Despite the strongest public support and the most sympathetic president in years, the American labour movement just suffered another stinging defeat.
Amazon warehouse workers in Bessemer, Alabama, overwhelmingly voted against joining the Retail, Wholesale and Department Store Union in much-anticipated election results announced on Friday.
Amazon and business groups celebrated the decision, saying warehouse workers got a chance to weigh the pros and cons of union membership - and voted to reject it.
But labour activists argue that the lopsided vote shows how unfairly the odds are stack against union organising efforts and highlight the need for Congress to reform U.S. labour law. The House last month passed such legislation - the Protecting the Right to Organize (PRO) Act - but it looks likely to die in the Senate.
The Bessemer results "reveal a broken union election system,'' Celine McNicholas, labour counsel at the left-leaning Economic Policy Institute, said in a statement. "It is clear that if policymakers do not reform our nation's labour law system, then they are effectively denying workers a meaningful right to a union and collective bargaining.''
The retail union complains that Amazon plastered the Alabama workplace with anti-union posters and forced employees to sit through mandatory sessions in which the company disparaged the union. Labour organizers, by contrast, had to catch employees outside the warehouse gate to make their pitch.
"The law failed the workers,'' said Benjamin Sachs, a labour law professor at Harvard Law School. "The law gives employers far too much latitude to interfere in workers' ability to make a choice to join a union.

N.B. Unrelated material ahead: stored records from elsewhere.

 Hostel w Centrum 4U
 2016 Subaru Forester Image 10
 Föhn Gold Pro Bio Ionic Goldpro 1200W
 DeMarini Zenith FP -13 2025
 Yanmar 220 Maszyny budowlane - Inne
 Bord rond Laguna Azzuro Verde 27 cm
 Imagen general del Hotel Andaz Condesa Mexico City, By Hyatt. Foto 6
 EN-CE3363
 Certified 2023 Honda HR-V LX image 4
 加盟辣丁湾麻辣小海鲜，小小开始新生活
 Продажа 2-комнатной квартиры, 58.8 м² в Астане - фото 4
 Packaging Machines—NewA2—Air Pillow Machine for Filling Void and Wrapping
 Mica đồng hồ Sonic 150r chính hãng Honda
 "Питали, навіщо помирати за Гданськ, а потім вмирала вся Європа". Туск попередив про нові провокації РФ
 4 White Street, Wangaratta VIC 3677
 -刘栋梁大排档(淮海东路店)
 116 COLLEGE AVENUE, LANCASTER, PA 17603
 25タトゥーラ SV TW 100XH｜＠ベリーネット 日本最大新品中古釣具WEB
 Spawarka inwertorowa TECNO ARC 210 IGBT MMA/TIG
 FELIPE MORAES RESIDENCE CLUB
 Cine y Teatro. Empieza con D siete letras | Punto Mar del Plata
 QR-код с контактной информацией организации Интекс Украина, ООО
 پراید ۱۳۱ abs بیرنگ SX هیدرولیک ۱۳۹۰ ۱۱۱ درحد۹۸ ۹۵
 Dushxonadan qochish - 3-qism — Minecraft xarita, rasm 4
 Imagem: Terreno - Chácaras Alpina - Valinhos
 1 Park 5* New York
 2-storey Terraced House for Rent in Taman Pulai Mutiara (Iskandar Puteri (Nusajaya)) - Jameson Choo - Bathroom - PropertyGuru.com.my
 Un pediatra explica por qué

That choice should be for the workers to make, not the employers to make.''
Amazon supporters note that the company paid an average of $15.30 an hour - more than double the minimum wage in Alabama - and offered health care and other benefits. "Union representation is a choice for workers,'' said David French, spokesman for the National Retail Federation. "But many clearly prefer opportunities in a competitive marketplace that provides strong wages and benefits.''
Randy Korgan, of the International Brotherhood of Teamsters National Director for Amazon, rejected the idea Amazon pays competitive wages at a time when $15 an hour has become the minimum wage in some states. Korgan said he made more than $15 an hour himself as a warehouse worker in the early 1990s.
"Using the minimum wage as barometer is a huge mistake,``" Korgan said. "This is not minimum wage work and for any employer to pat themselves on back and use this as a guiding post shows they don't understand how difficult this work is.''
American unions have been declining for decades. The percentage of workers who belong to unions peaked at 34.8 percent in 1954, according to the Congressional Research Service. By last year, their share of workers had fallen to 10.8 percent, the Labor Department reports.
America's unionization rate is one of the lowest in the world; it compares to 90 percent in Iceland, 67 percent in Denmark, 28 percent in Canada and 17 percent in Germany, according to the International Labor Organisation.